Cuando tengo que pernoctar fuera de casa, evito llevar cosas mías. Aparte de la comodidad de no tener que cargar nada, está la sensación de vivir la experiencia de los demás, de usar cosas que yo no tengo ni conozco.
Mi lugar favorito son los baños. Cada vez que tomo una ducha en casa ajena pruebo el champú y el jabón de mi anfitrión. Me pregunto cómo llegaron a usar cierto producto, ese aroma o textura.También pido ropa prestada, me mido cosas que no me quedan, acepto prendas extravagantes o de tallas diferentes.
Siempre me ha gustado vestirme con ropa prestada. Encuentro en ello una especie de escudo de mi ser y un pretexto para ser. No es una negación de la identidad, ni mucho menos una extrapolación de otras identidades, simplemente es un fetiche que me genera seguridad, como fumar en la calle o cargar un paraguas.
Algunos objetos me gusta conservarlos, especialmente cuando pierden el carácter ajeno y se convierten míos: como mi bufanda roja o mi correa café. Pero lo que más me gusta de ellos es el sentido que tienen para mí: la experiencia de otros exhibida antes que la mía, la fluidez de una identidad indescifrable y cuestionable, pero que no es la mía, me la puedo quitar y poner. Si es cuestionada, culpo al dueño de los objetos, si es elogiada, callo y poso como alguien con buen gusto.

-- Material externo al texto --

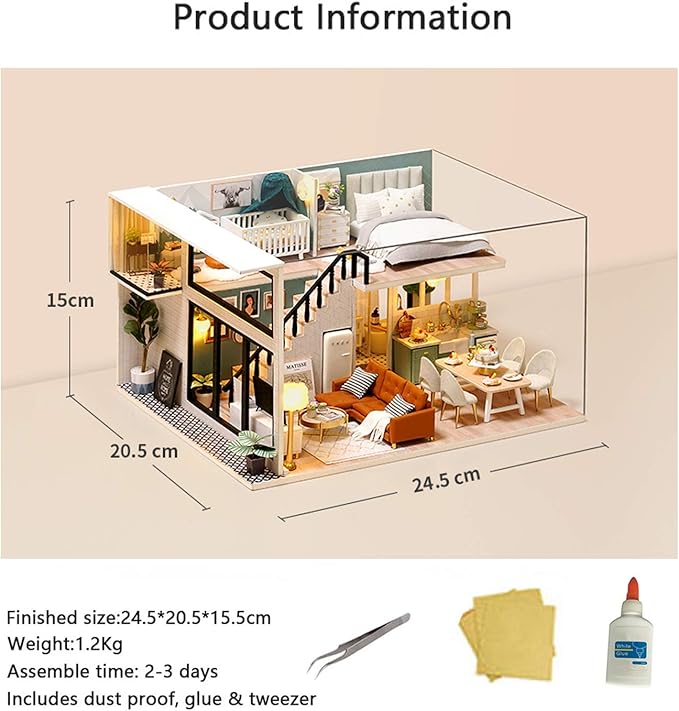 MAGQOO 3D Dollhouse Miniature with Furniture, DIY House Kit with Dust Proof 1:24 Scale Creative Room Idea (Comfortable Life)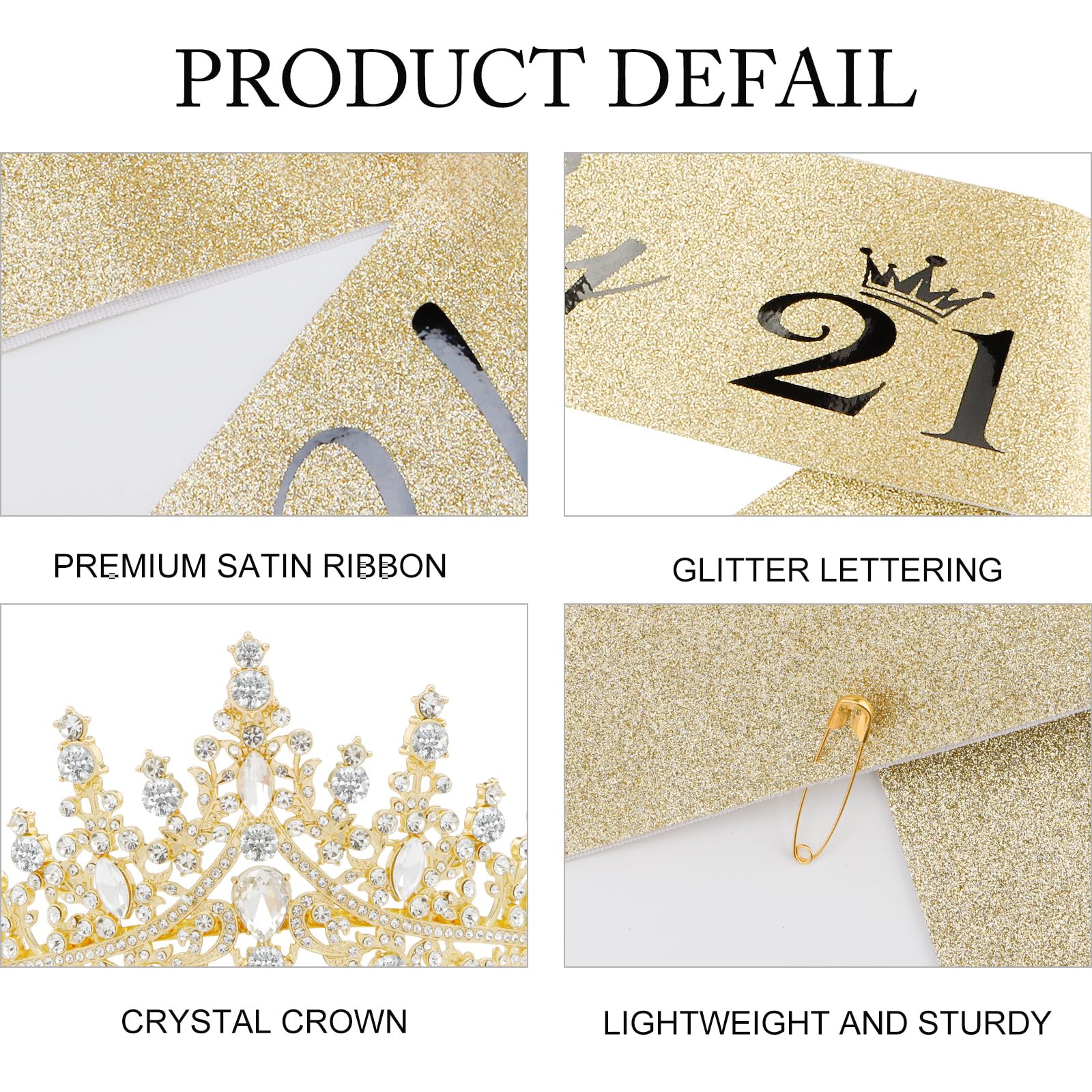 COCIDE 21st Birthday Sashes, Crowns, and Decorations - Sash, Tiaras Set for Women and Girls, Party Favor Supplies - Image 6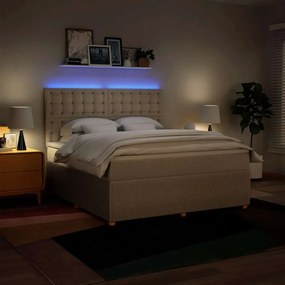 vidaXL Κρεβάτι Boxspring με Στρώμα Κρεμ 180x200 εκ. Υφασμάτινο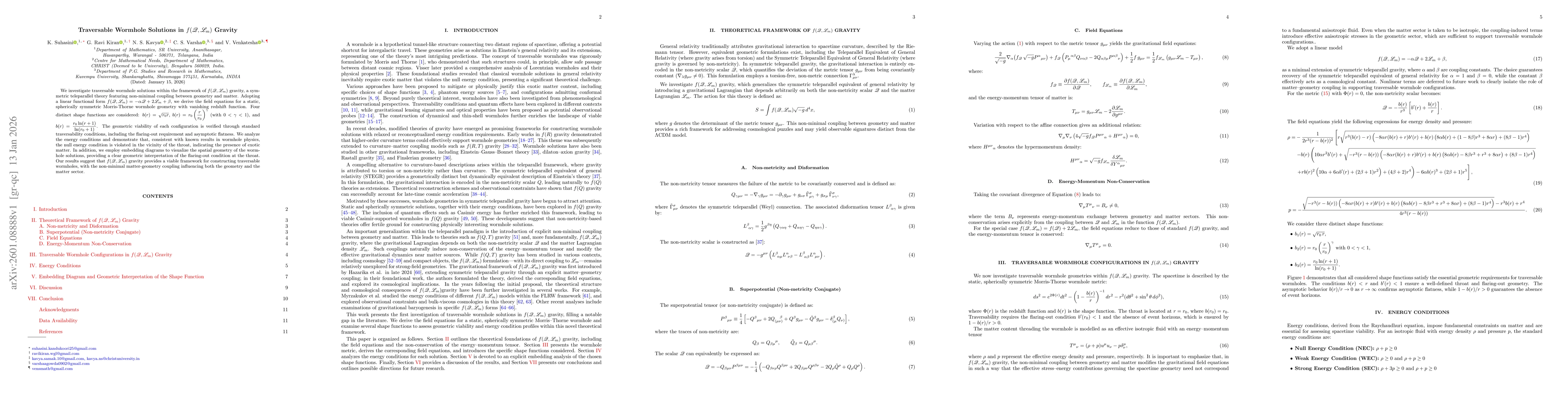 Thumbnail for Traversable Wormhole Solutions in f (Q, Lm) Gravity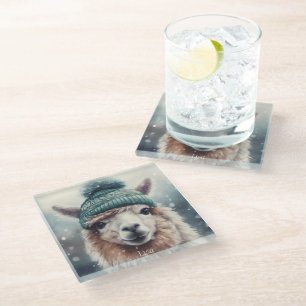 Dessous-de-verre En Verre Alpaca hivernal doux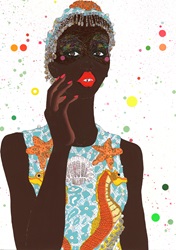 Fashion illustration of woman wearing funky glitter makeup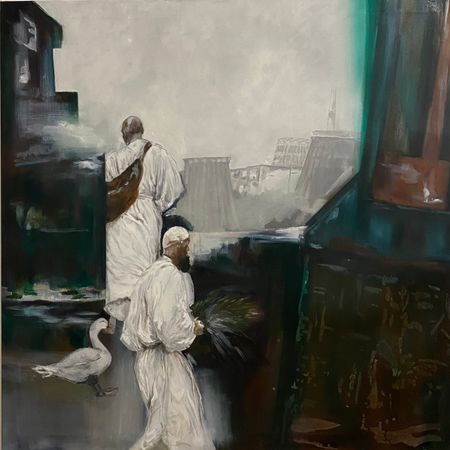 Лена Троянская (Картина, живопись - 
                  100 x 100 см) Город Х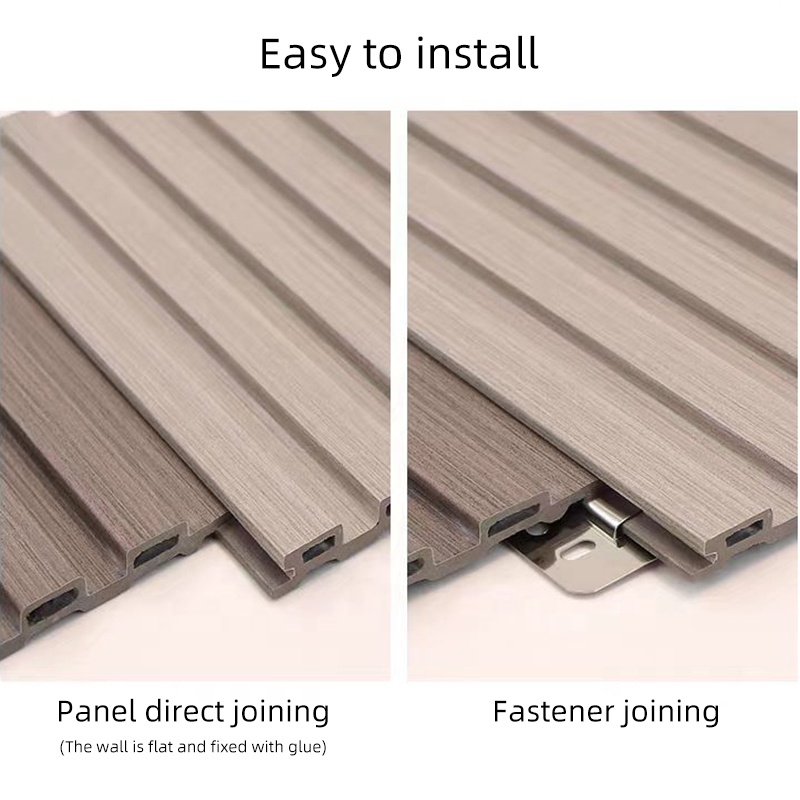 Interior 3D TV Background Decorative Fluted PVC Cladding Boards Plastic Composite Laminated WPC Wall Panels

Mi mamá se vuelve loca cuando me ve con cosas que no son mías. Detesta lo viejo y lo prestado. Por el contrario, yo no puedo evitar heredar cosas. Antes de que fuera considerado vintage, usaba ropa de mi abuelo: sacos viejos y pasados de moda. Aunque el anacronismo era evidente, había una fuerza superior al buen vestir y las tendencias, que me decía que si un hombre tan admirable como mi abuelo lo había usado, que importaba como me viera.
Por otro lado hay otro tipo de juegos de los que me gusta participar y fomentar. Me gustaba cuando mi amiga Isa me vestía, me sugería accesorios, a veces un tanto extravagantes. Había una complicidad creadora y de sumisión secreta, que se transformaba en poder y seguridad en la calle.
Hace poco usé una camisa de mujer, la escondí bajo un saco gris, pero implícitamente entre mi anfitriona y yo, había una burla a la sexualidad y el buen gusto, una extravagancia que retaba o sugería. Pero otra vez, no era yo.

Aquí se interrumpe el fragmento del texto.